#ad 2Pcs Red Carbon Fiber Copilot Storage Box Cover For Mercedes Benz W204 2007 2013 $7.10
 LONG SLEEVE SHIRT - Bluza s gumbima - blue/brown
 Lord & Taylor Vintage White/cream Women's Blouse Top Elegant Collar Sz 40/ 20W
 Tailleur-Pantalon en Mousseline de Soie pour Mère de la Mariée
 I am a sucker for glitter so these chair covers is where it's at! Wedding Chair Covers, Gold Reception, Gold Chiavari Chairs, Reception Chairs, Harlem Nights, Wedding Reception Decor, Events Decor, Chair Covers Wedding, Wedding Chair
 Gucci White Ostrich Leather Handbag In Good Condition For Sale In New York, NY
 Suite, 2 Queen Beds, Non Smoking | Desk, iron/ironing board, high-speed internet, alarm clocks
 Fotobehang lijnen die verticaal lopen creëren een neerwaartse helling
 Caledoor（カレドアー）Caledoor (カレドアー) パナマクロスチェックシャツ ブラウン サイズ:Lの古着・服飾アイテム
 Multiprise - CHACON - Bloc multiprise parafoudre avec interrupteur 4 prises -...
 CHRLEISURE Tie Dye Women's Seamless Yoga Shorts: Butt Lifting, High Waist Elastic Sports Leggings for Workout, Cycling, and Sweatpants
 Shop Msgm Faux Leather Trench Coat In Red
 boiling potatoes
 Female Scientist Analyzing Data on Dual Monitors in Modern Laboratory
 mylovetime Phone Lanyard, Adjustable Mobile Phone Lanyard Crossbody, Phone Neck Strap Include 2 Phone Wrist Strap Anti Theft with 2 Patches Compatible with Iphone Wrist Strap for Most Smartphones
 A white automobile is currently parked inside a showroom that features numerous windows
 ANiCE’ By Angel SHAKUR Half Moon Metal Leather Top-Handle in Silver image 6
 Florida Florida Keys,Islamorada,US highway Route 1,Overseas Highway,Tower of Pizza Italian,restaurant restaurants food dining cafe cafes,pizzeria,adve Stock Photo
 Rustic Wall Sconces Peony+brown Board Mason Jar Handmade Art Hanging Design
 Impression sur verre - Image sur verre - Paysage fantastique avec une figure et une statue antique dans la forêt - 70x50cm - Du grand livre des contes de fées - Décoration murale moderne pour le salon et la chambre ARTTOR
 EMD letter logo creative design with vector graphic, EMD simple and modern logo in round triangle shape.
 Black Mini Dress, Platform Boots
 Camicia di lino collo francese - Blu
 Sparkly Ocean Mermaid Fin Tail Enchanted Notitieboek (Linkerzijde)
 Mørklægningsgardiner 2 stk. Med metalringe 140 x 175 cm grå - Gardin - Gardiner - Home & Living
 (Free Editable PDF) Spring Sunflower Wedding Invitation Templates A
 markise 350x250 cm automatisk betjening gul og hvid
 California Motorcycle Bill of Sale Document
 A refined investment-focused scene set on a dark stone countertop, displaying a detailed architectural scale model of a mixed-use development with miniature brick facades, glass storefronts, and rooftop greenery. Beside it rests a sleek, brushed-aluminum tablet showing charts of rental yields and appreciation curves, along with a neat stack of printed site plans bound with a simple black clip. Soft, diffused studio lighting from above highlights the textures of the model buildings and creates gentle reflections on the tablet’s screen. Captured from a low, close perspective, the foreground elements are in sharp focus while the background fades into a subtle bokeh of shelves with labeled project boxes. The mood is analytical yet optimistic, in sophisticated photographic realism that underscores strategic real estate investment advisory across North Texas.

□ □ □ □

Instructions to follow:
Your answer should be each line from the entries that includes the string "Wedding".

Solution to this problem:
 I am a sucker for glitter so these chair covers is where it's at! Wedding Chair Covers, Gold Reception, Gold Chiavari Chairs, Reception Chairs, Harlem Nights, Wedding Reception Decor, Events Decor, Chair Covers Wedding, Wedding Chair
 (Free Editable PDF) Spring Sunflower Wedding Invitation Templates A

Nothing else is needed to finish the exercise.